In this study hostels are defined as a type of accommodation that offers single beds in shared dormitories (mainly 4, 6 and 8 beds), with shared bathrooms, as well as double rooms for private use, as well as other facilities and areas of common use, including, among others, shared kitchen, leisure area, work rooms and laundry facilities.
The main hostels guests are millennials; defined as people born between 1981 and 1999, whose preferences when choosing accommodation focus on location, value for money and the availability of common spaces and socialization activities. To remain as the choice of preference for these guests, hostels have had to evolve the most in the recent years, going from focusing exclusively on the sale of beds at very competitive prices (youth hostels), to offer double and hybrid rooms between student residences, apartments and long-stay accommodation.
The optimization of the space allows hostels to reach a greater number of available beds in the same space that would be necessary for a hotel room, which generates higher gross operating profit (GOP), greater than 50%. As a general rule, the sale of beds and rooms represents between 70% and 90% of the total income, the sale of Food and Beverages represents between 10% and 20%, and the sale of other income generates the remaining 3 % to 5%. The success of this formula has led many investors to purchase of these types of assets, whether it is real estate to be converted or already operational assets. The majority of the assets transacted are located in the prime areas of the main tourism cities, with returns ranging between 6% and 7%.
Regarding the offer of hostels in the Iberian Peninsula, Barcelona is positioned as the city with the highest number of beds (approximately 8,200 beds) and with the highest levels of Revenue per Available Bed (RevPAB) (between 16 and 21 Euros), ahead of Lisbon (5,900 beds and a RevPAB between 12 and 17 Euros) and Madrid (5,614 beds and a RevPAB between 15 and 20 Euros). It is worth highlighting that Lisbon, with 93 Hostels, is the main market by number of properties and that Madrid has the second highest RevPAB (15-20 Euros), as well as the largest number of beds per asset (117 beds).

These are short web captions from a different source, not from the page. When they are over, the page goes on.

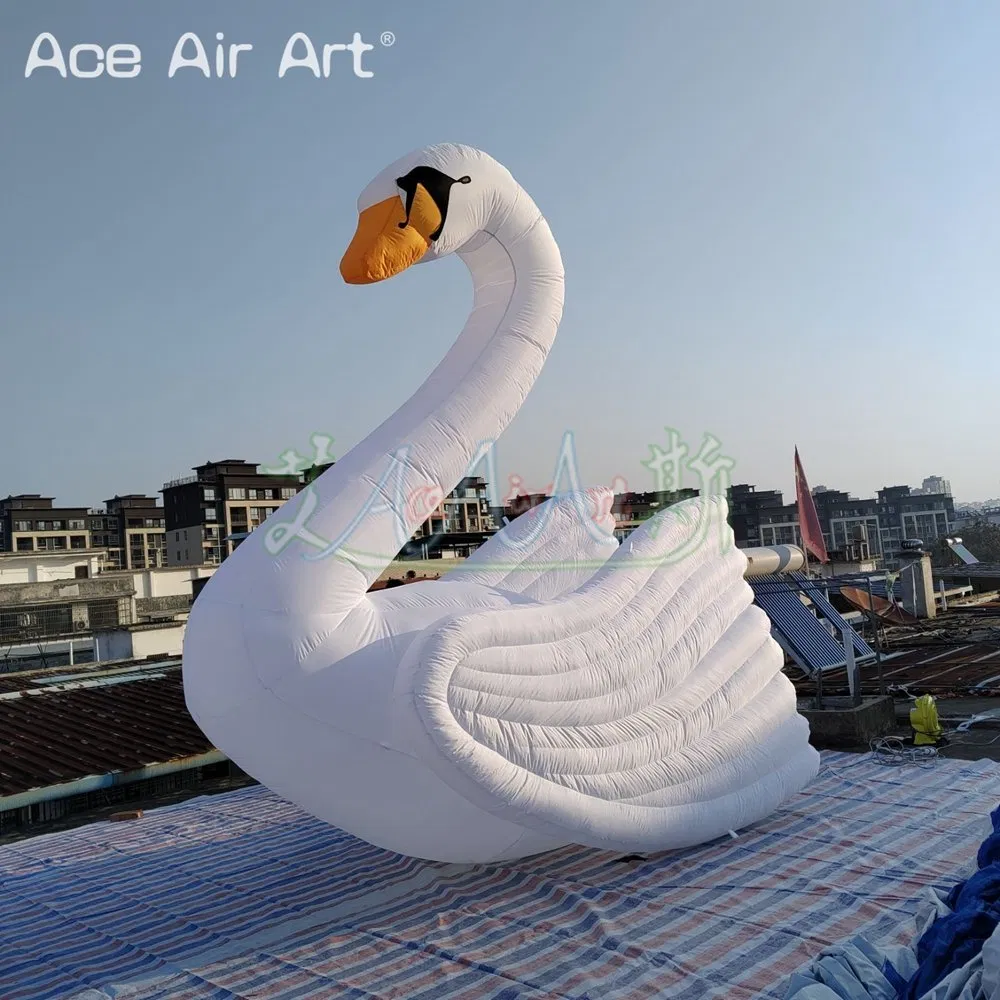 4ml Giant Beautiful Inflatable White Swan with Air Blower for Event Decoration Advertising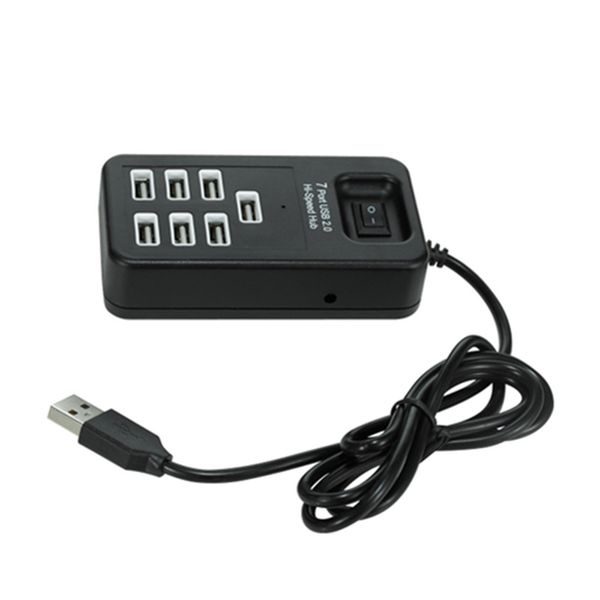 7 Port USB 2.0 Hub with Switches Compatible with Computer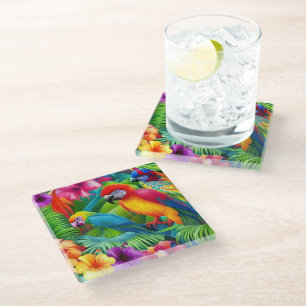 Dessous-de-verre En Verre Perroquet 3 Oiseaux Floral tropical palmiers bleu 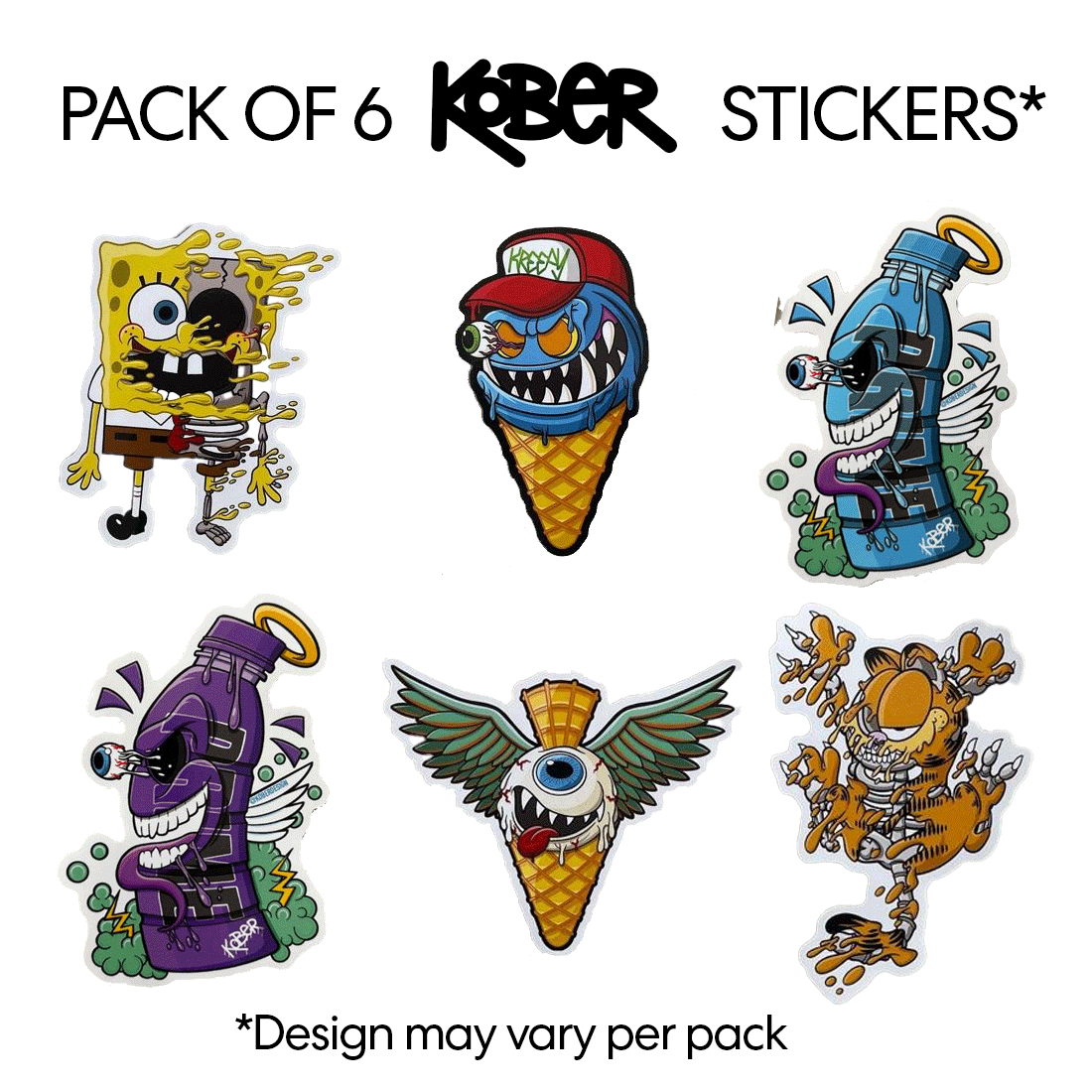 Set of 6 stickers designed by London Street Artist Kober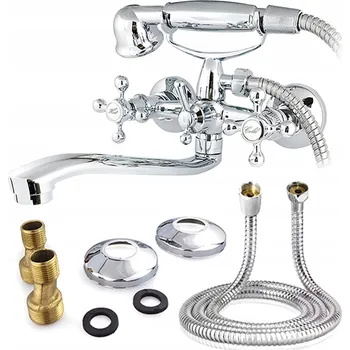 Vodovodní baterie Dvoukohoutková nástěnná vanová a sprchová baterie Maibang RETRO stříbrná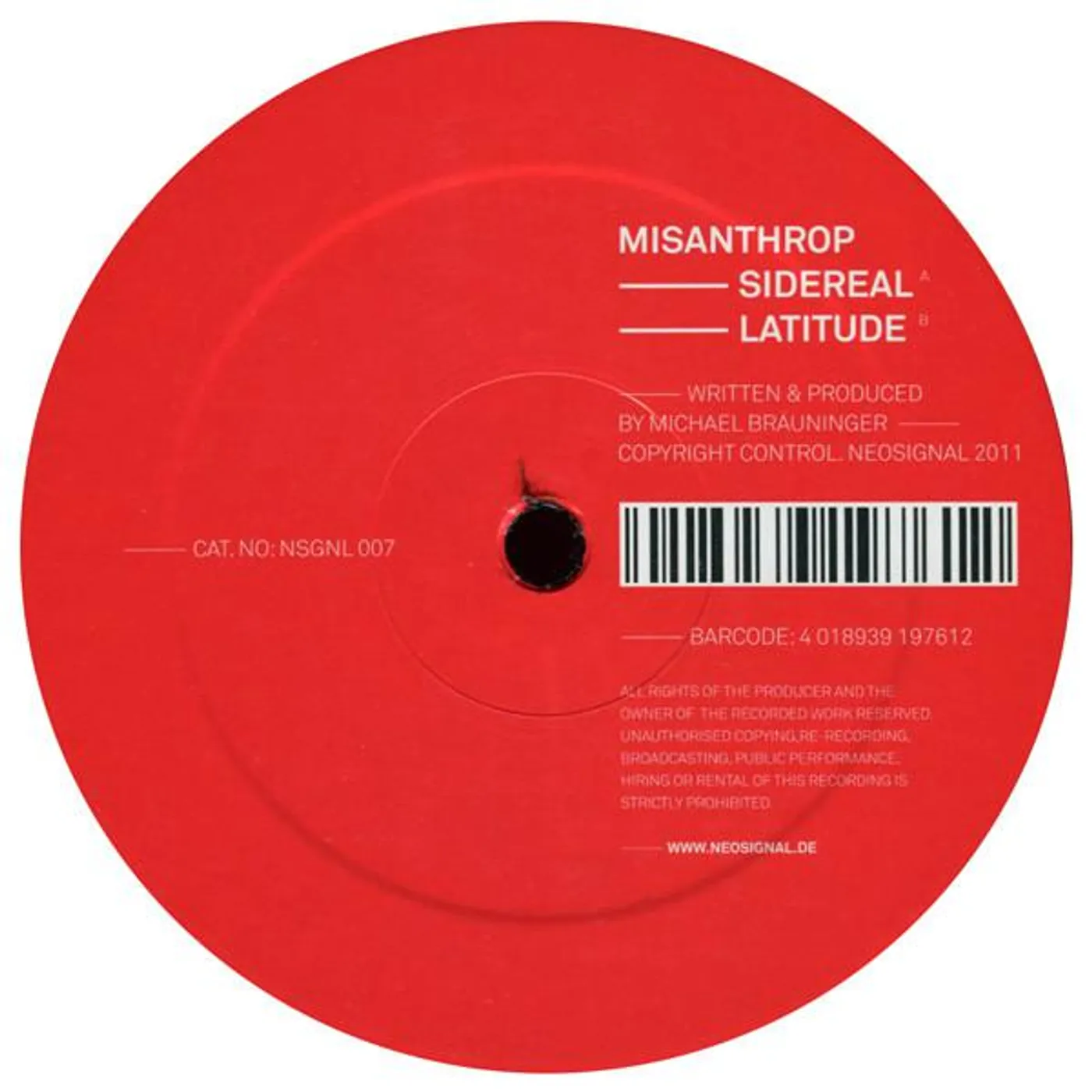 Misanthrop SIDEREAL/LATITUDE Vinyl Record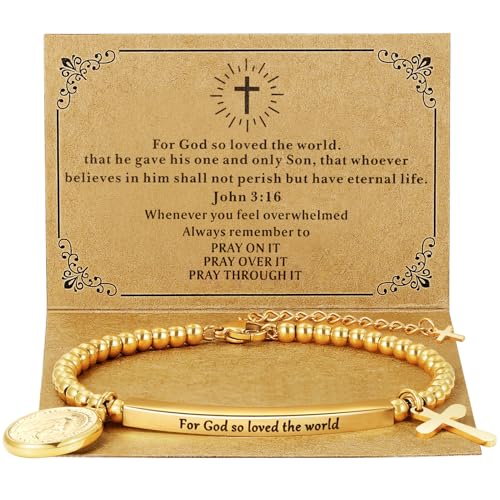 DS Women Christian Charm Bracelet,Cross Scripture Stainless Steel Jewelry - style: For God so loved the world-Gold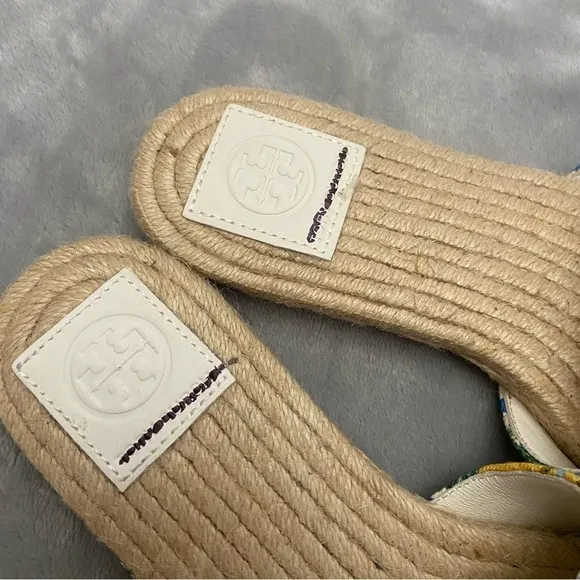 New! Tory Burch Benton Open Toe Espadrille Slide Size 5.5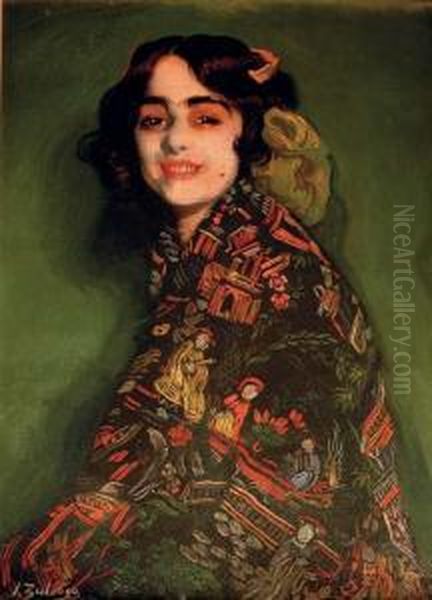 Candida Con Manton Chinesco Oil Painting by Ignacio Zuloaga Y Zabaleta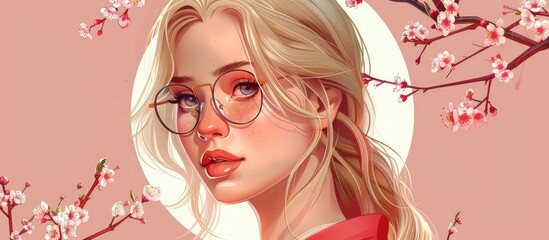 Canvas Print - A woman with glasses is standing in front of a cherry blossom tree, her eyes framed by the lenses while her lips form a gentle smile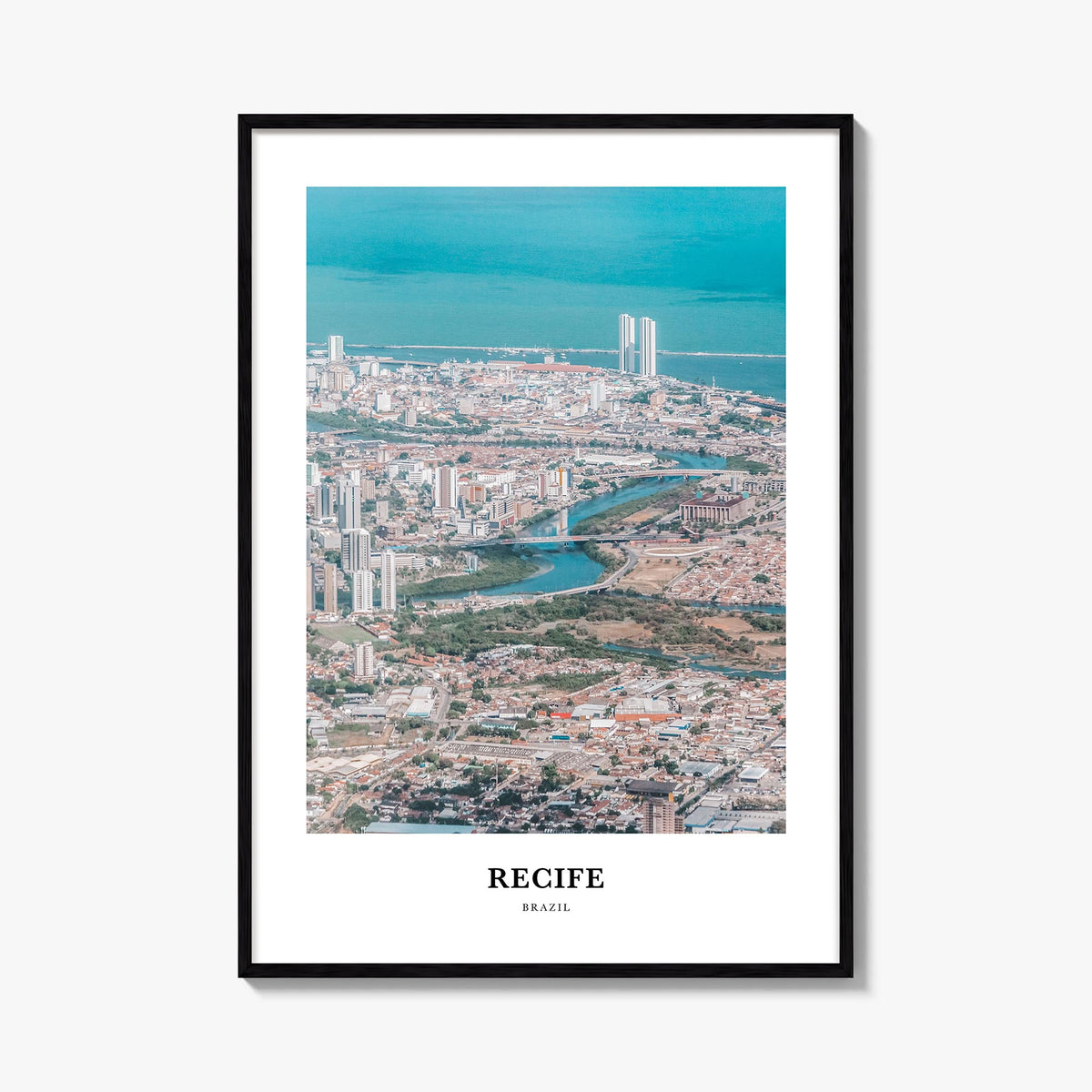 Recife colorful classic poster of Brazil – vertical wall art, unframed print shown in interior mockup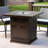 28" Propane Gas Fire Pit Table, 50000 BTU Square Steel Fire Pit For Outside Patio Deck Garden Courtyard-Brown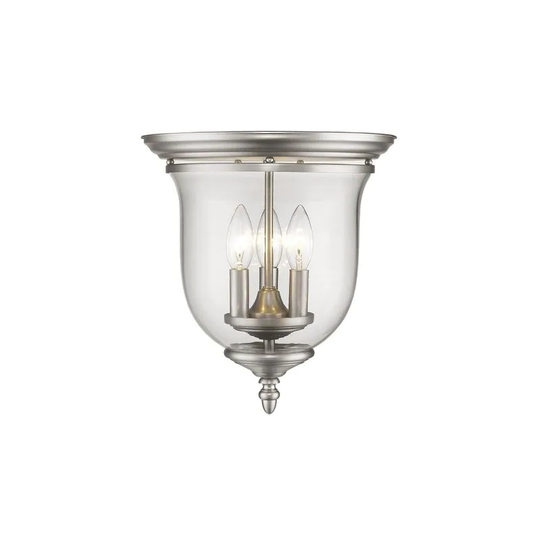 Livex Lighting Legacy Steel 3-light Ceiling Mount with Glass Shade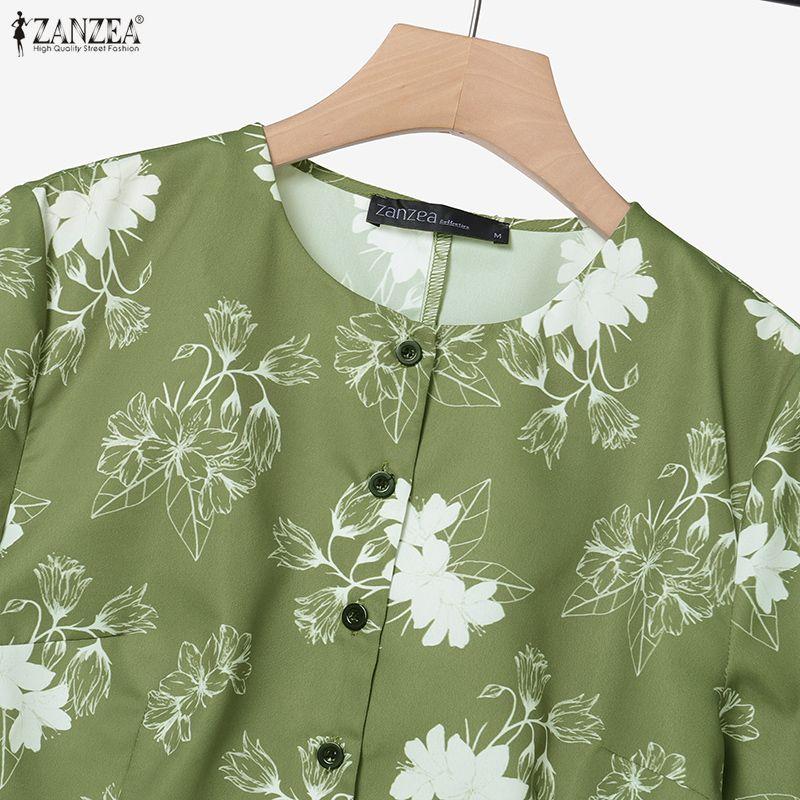 ZANZEA Women Short Sleeve Print Blouse and Long Skirts Summer Two Piece Suit Sets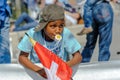 Young supporter with cap enjoys sport at the World Orienteering Championships in Lausanne, Switzerland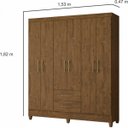 Ver imagem 5 de Guarda-Roupa Casal 6 Portas e 2 Gavetas e Pés Panamá Marrom/Castanho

On the other hand, Porto is positioned as the fourth largest market by number of beds (2,048 beds) and registers RevPAB levels similar to those of Lisbon. Seville is the fifth market in the Iberian Peninsula and third largest in Spain (1,680 beds and a RevPAB between 13 and 18 Euros), followed by Valencia (1,196 beds and a RevPAB between 11 and 16 Euros), Bilbao (1,182 beds and a RevPAB between 9 and 14 Euros) and Malaga (1,041 beds and a RevPAB between 13 and 18 Euros), which is also positioned as the second destination in terms of occupancy levels (between 75% and 80 %) behind Barcelona. Finally, San Sebastian (708 beds and a RevPAB between 13 and 18 Euros) and Palma (346 beds and a RevPAB between 14 and 19 Euros) are the cities with the least hostels within the markets analyzed. However, it is worth mentioning that San Sebastian registers the same Average Bed Rate (ABR) as Barcelona (between 21 and 26 Euros).
The report also reviews sector trends for the coming years and questions and answers about the hostels market, where the professionals interviewed share their experience, knowledge and opinion on some of the issues mentioned in the report.
Joan Bagó, Market Analyst in the Consultancy Division, and responsible for the report, notes, “The dynamism, flexibility and adaptability of hostels allows them to cover an increasingly wide range of demand coming from other accommodation typologies. In addition, the high operational profitability offered by these establishments has attracted the interest of institutional funds and specialized chains, which are promoting the professionalization and improvement of the quality of a sector traditionally considered budget or low-cost.”
Inmaculada Ranera, Managing Director at Christie & Co in Spain and Portugal, adds, “The ability to constantly adapt to the requirements of its clients is one of the important elements that both operators and investors must consider when developing their establishments. In addition, the socialization activities that can be carried out in these establishments are another of the key factors, since their potential clients pay special attention to this element that often differentiates hotels from hostels.”